The meaning of life is what we choose to make of our lives. For some people, their purpose on the earth is writ large. There are the Florence Nightingales and Mother Theresas whose lives are consumed by an overriding passion to serve others. There are the Winston Churchills who are driven by an overriding passion to lead others — presumably for the benefit of those being led.
And then, of course, there are the people who unexpectedly have a central purpose thrust upon them and who rise to the challenge. In that category, I think, are all those people we read about who are going through the daily lives and suddenly find themselves rescuing a train full of people from a terrorist attack or the young men and women who find themselves in a war zone and discover that they can fight. Think of Audie Murphy, the sharecropper’s child, who became one of the most decorated combat soldiers in World War II.
Most of us, though, do not believe that we have a higher calling nor do we find ourselves in situations where we have greatness thrust upon us. Instead, we just go through our lives: we grow up, attend school, get a job, and raise children. All those activities, of course, have some meaning, especially procreation, which is the minimum requirement for all species in order to survive.

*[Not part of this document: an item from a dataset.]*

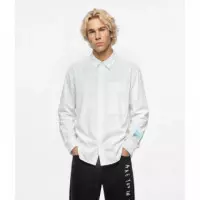 Klj X Pt Boxy Poplin Shirt White  KARL LAGERFELD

What I’ve come to believe, though, is that the people who get the most satisfaction from life are those who looking beyond mere survival and deliberately imbue other aspects of their lives with meaning. This is not the same as becoming a special snowflake who believes that his every thought and act is an exquisite thing that must be revealed to and cherished by those in his world. Instead, it comes from looking at the things we do in our lives and making conscious decisions to improve ourselves.
I’ve thought about this a lot since I made a new friend recently who occasionally bemoans the fact that we hadn’t met when we were younger so that our friendship could have had a longer time for us to enjoy. That’s a nice thought, but the reality is that I was not a nice person when I was young. True to my semi-European, semi-Communist upbringing, as well as a very large dollop of my own difficult personality, I was snobby, prudish, condescending, perpetually discontent, and frequently quite unkind. Looking back, I wouldn’t even have wanted to be friends with me, and it’s a testament to the good quality of people with whom I surrounded myself that they were willing to be my friends.
I’d like to think that I’m a nicer person now. For the last twenty-five years, I’ve giving meaning to my life by refusing just to plod through one day after another, unthinkingly. Instead, I’ve given some thought every day to how I can be a better person: a better friend, a better lawyer, a kinder person, a better daughter, a better mother, etc. I’ve concluded that, if there is a God, that God gave me the capacity to grow and improve throughout my life. It’s, therefore, an act remarkably close to sacrilege to ignore that unique human attribute.
Again, this is not about being a special snowflake and assuring everybody that I’ve reached peak human perfection (which, Lord knows, I haven’t). It’s about imbuing the ordinary passage of my days by concentrating on how I can improve myself — a very American concept when one thinks about. So perhaps the meaning of life is to be American. 😉
This is about as deep as my deep thoughts get, reminding me of the insult I once heard an ignorant Leftist (was it Gary Trudeau?) throw at Ronald Reagan: “You can wade through his deepest thoughts without getting your ankles wet.” If you’d like to take this thread into deeper philosophical waters, please do. I’d love to hear what others have to say on this subject.